This feature is available since kernel 5.3, but Raspberry chose to not compile it in supplied kernels.
As I didn't manage to find the kernel configuration file (usually present as /boot/config-xxx or from kernel), I extracted the install image to verify this directly. Here's a comparison of available modules in Raspbian's kernel (from zip image downloaded from official site):
$ ls -1 lib/modules/5.10.92-v8+/kernel/net/bridge/netfilter/nf*
lib/modules/5.10.92-v8+/kernel/net/bridge/netfilter/nf_log_bridge.ko
lib/modules/5.10.92-v8+/kernel/net/bridge/netfilter/nft_reject_bridge.ko
versus a similar Debian kernel for the same architecture:
$ ls -1 lib/modules/5.10.0-10-arm64/kernel/net/bridge/netfilter/nf*
lib/modules/5.10.0-10-arm64/kernel/net/bridge/netfilter/nf_conntrack_bridge.ko
lib/modules/5.10.0-10-arm64/kernel/net/bridge/netfilter/nf_log_bridge.ko
lib/modules/5.10.0-10-arm64/kernel/net/bridge/netfilter/nft_meta_bridge.ko
lib/modules/5.10.0-10-arm64/kernel/net/bridge/netfilter/nft_reject_bridge.ko
As one can see, needed Netfilter support provided by nf_conntrack_bridge for the conntrack part and nft_meta_bridge for the nftables part isn't available (and no it's not built-in either: grep bridge lib/modules/5.10.92-v8+/modules.builtin has no result) on RaspberryPi OS's default kernel. A kernel with these features also enabled has to be built:
It's quite possible other rare features are also missing. For example modules nft_synproxy and nft_xfrm (for IPSec filtering) aren't present either.
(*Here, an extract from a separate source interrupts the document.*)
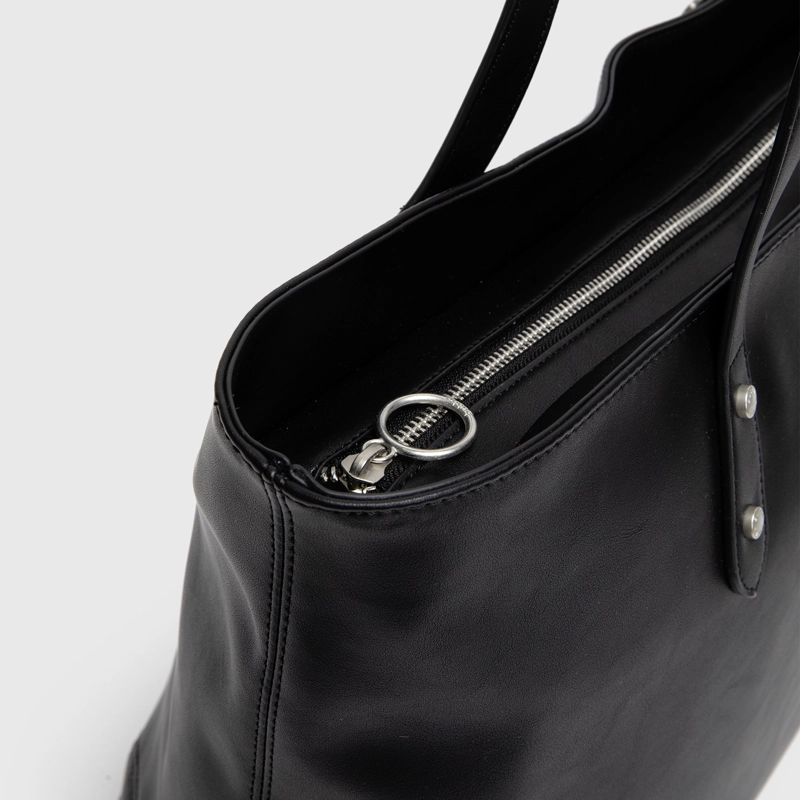 TOTE SMITH BLACK BUBBA ESSENTIALS - 6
Meanwhile, one can still use the deprecated method (that is intended to be removed once feature parity is achieved), which also affects nftables for better or for worse: the br_netfilter kernel module. But native nftables lacks specific support for this method, since it's designed to use the newer kernel 5.3 method. In particular it has no equivalent for iptables' -m physdev --physdev-is-bridged.